Security

I have a new implementation with User Authentication with MAC caching in a cluster that is working 90% of the time....  New guest user is captive portaled correctly, they fill out basic form and accept terms, then receipt page auto submits and the user is allowed on (MAC is then cached for future access).

Intermittently, when the user fills out the registration form and submits it, the controller authentication back to clearpass guest fails with: Error Code 201 - Authentication Failure

Alerts for this Request:

RADIUS [Guest User Repository] - localhost: User not found.

Cannot select appropriate authentication method

Without changing anything, the user can then typically submit the form again and this time they are logged in and everything is working. Sometimes they can submit multiple times and get the same error each time.  Access Tracker shows it as a Reject, but the "incoming" RADIUS data is identical to a working scenario....          

It works most of the time across the cluster so I've not found anything configuration related.....      Note: it is possible the registration may occur on node 2 while the radius request is sent to node 3.  I thought maybe it could be a local database replication delay issue or something but don't know where to begin there.... and sometimes I see it fail when the user account is clearly visible on the node in question....

Has anyone seen this before?   Any thoughts?  

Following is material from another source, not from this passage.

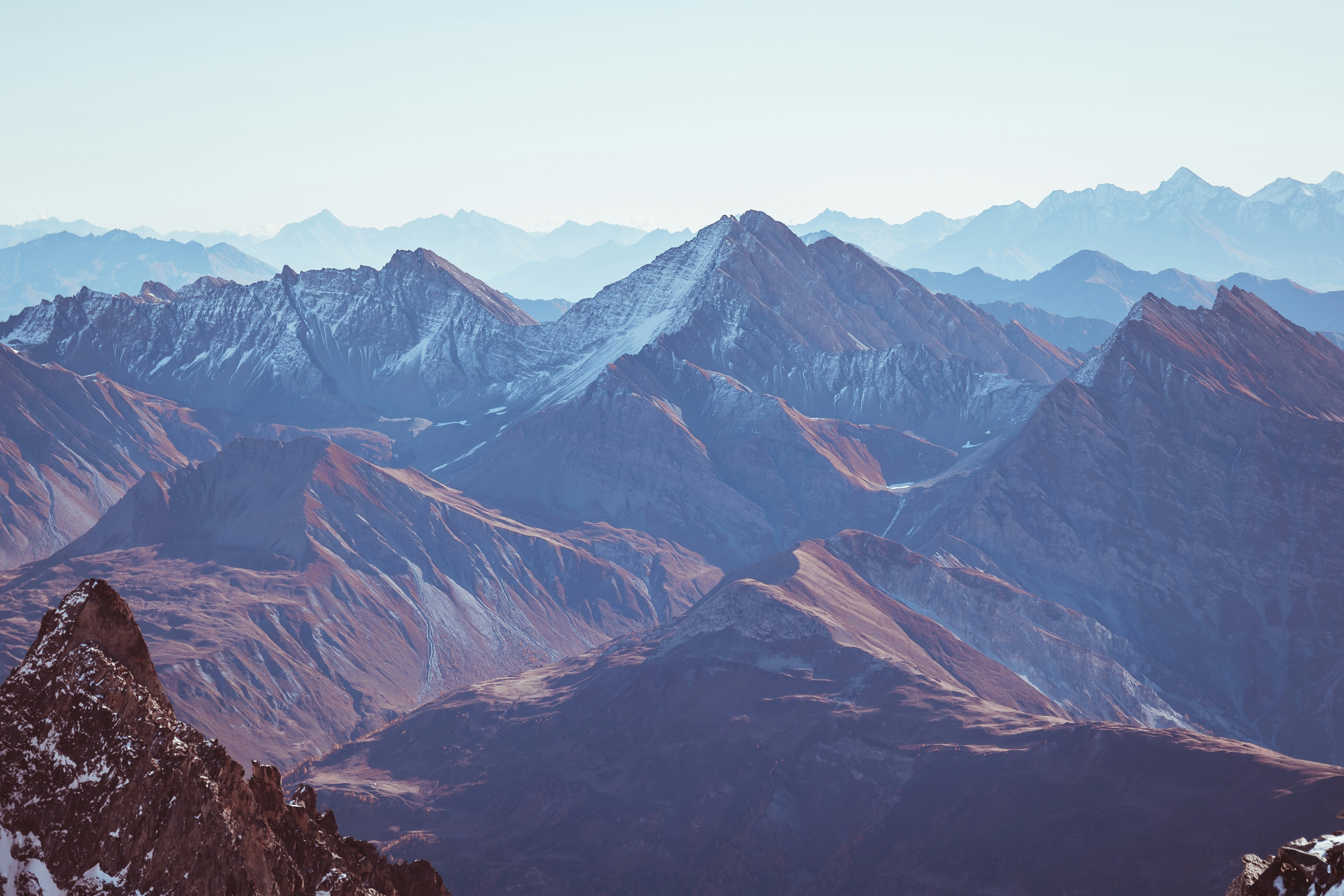 Photo by franciscotsantos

Sounds indeed like a database synchronization delay between the nodes. Guest accounts are created on the publisher, then synced back to the subscribers.

What might help is adding a delay to the login action, or let the user press a login button.

On the Guest Selfregistration page, under Advanced Editor, there is an option: Automatic Login - Guest Delay, with a default setting of 0 seconds. You may try setting this to 2 or 3 seconds and see if that resolves your issue.

If this does not help, please work with your partner or Aruba TAC to get this resolved.